While studying these objects, we will look at their properties. This may include ways of ordering them, combining them, and describing parts of their structure. That one of the most important things to study is how to translate the objects into each other, especially when the transformations preserve some aspect of the structures. One of the reasons such transformations are important is because they can be used to describe properties (often by some single objects that embodies the property in some way, and then the transformation to and from that object and others). Because of this, a theory will generally have some objects it is concerned with, and some notion of transformation that is appropriate and interesting for that object. Remember that in math we take situations we find interesting and encode them as theories, so there should be theory that describe this situation of having objects and transformations and combinations of these objects. This theory would be pretty fundamental and would have far reaching consequences- recall that the theory of symbols is logic, and we are talking about the models of these theories (the objects they describe). This theory is called Category Theory. A category is exactly what we just saw- some type of object, and some appropriate way to translate or transform between objects. In Category theory we tend look not at the internal structure of the object (which is based on definition or interpretation) but at an objects relation to other objects, so we often give properties as objects and some class of transformation between them. Category theory has pretty clear place in math from this perspective- it generalizes the notion of model. This makes it less surprising (although I personally found this immensely surprising) that categories have something call an "internal language" that is the logic they describe, and logics have an associated category.
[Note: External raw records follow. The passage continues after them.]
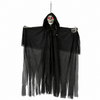 pop-reaper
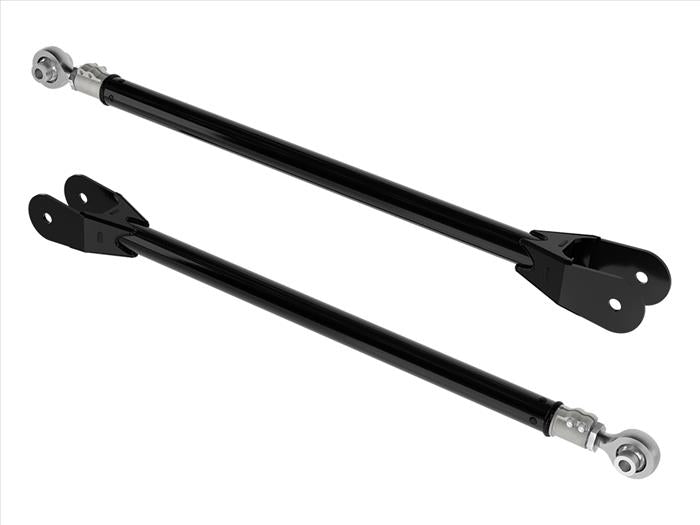 164502 ICON 2005-2024 Ford F-250/F-350 Super Duty 4WD, Front Lower Links at Sexton Offroad in Salt Lake City & Park City, Utah 1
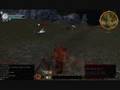 LOTRO PvMP: Warleader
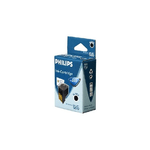 Philips PFA531 cartuccia d'inchiostro Nero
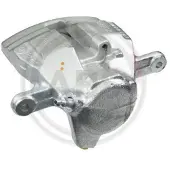 A.B.S. Bremssattel 521612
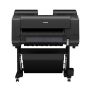 Plotter Canon imagePROGRAF PRO-2600 (6405C003)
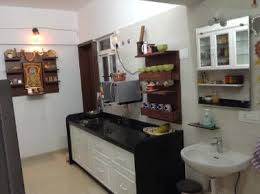 Our countertop appliances and major kitchen appliance suites are designed to help achieve all your culinary goals. Best Modular Kitchen Pune Wold Class Kitchens At Most Affordable Cost Price Bella Kitchens Pune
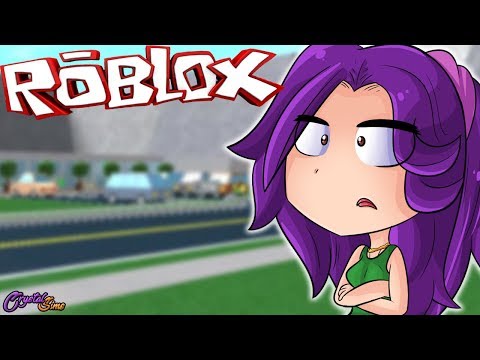 Odio Los Lunes Escape Room Roblox Crystalsims Youtube - somos prófugos escape prison obby roblox crystalsims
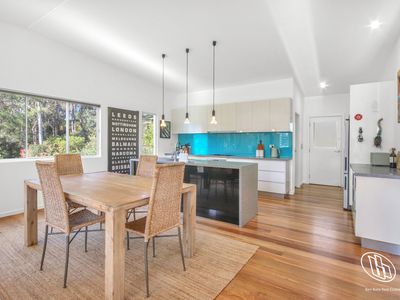 12 Bridge Court, Narooma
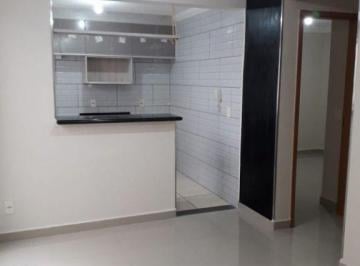 fdec6dd67201f6a41b820bf0a2036f93fd214cb7 · Apartamento com 2 dormitórios à venda, 43 m² por R$ 220.000,00 - Jardim Bertoni - Americana/SP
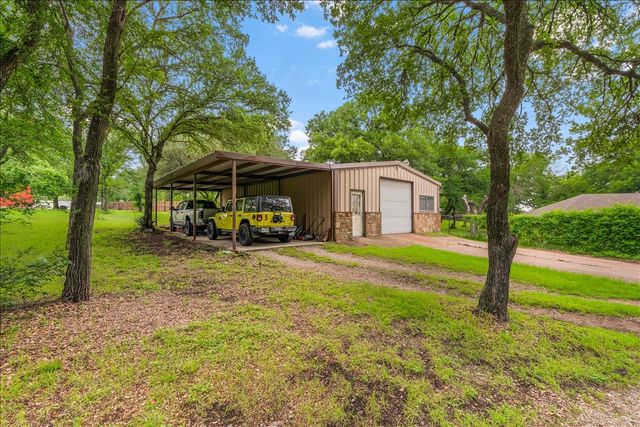 220 Annetta, Willow Park, TX 76087
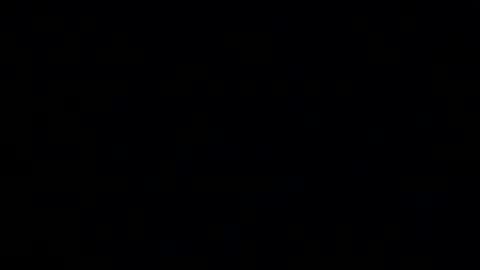 Sunny online show from 02.07.26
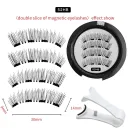52Hb Eyelash Curler White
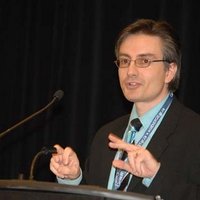 Stephane Bilodeau (@smbilodeau) 's Twitter Profile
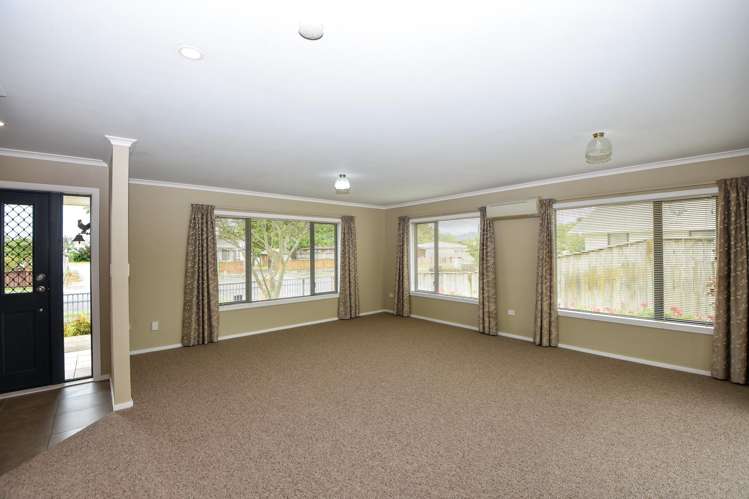 13 Seddon Street Carterton_2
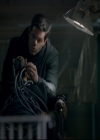 vampirediariesworld-dot-nl_TheOriginals5x10ThereInTheDisappearingLight00648.jpg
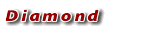 Reseller Web Hosting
I am not a mathematician, so take my generalizations about the importance of Category Theory with a grain of salt- I'm not sure its the amazing paradise I've made it out to be. However, it does describe an important situation, it is extremely abstract, and it is a great deal of fun.

So thats all for part 2. The last thing I'm going to go over is the manipulation of symbols in math, which, as a computer scientist, is really my place in all this.

What is Math Really About?

I often find that people are confused about what math is or what its about. This is understandable- I only came to understand this late in my college education, and I was very surprised by what I learned. Notice that I am not a mathematician- I'm a computer scientist. What I want to share is my experience and knowledge having learned this myself over the last several years. I'm going to talk about what math is, what it does, and how its used. I want to express that math is not one big unified system that explains the universe, its not all about numbers, that subjects like calculus are not "higher math", and math is not even one thing.

So, what do we do in math? The basic situation is that we observe something like a relation between people (a family tree for example), a physical phenomenon (gravity, electricity, and lots of other things), or something as simple as a quantity of some object. Having found something we want to understand, we construct some mathematical object that describes the situation. Instead of describing a single family tree, we would describe a general structure of all family trees. To do this, we have a large number of objects to combine from the usual practice of mathematics. Often we need many objects collected together to describe our situation that together give the information we need to describe the object we are interested in. The information we need give the "theory" of the thing ("the theory of family trees"), and the particular objects the models (your particular family tree).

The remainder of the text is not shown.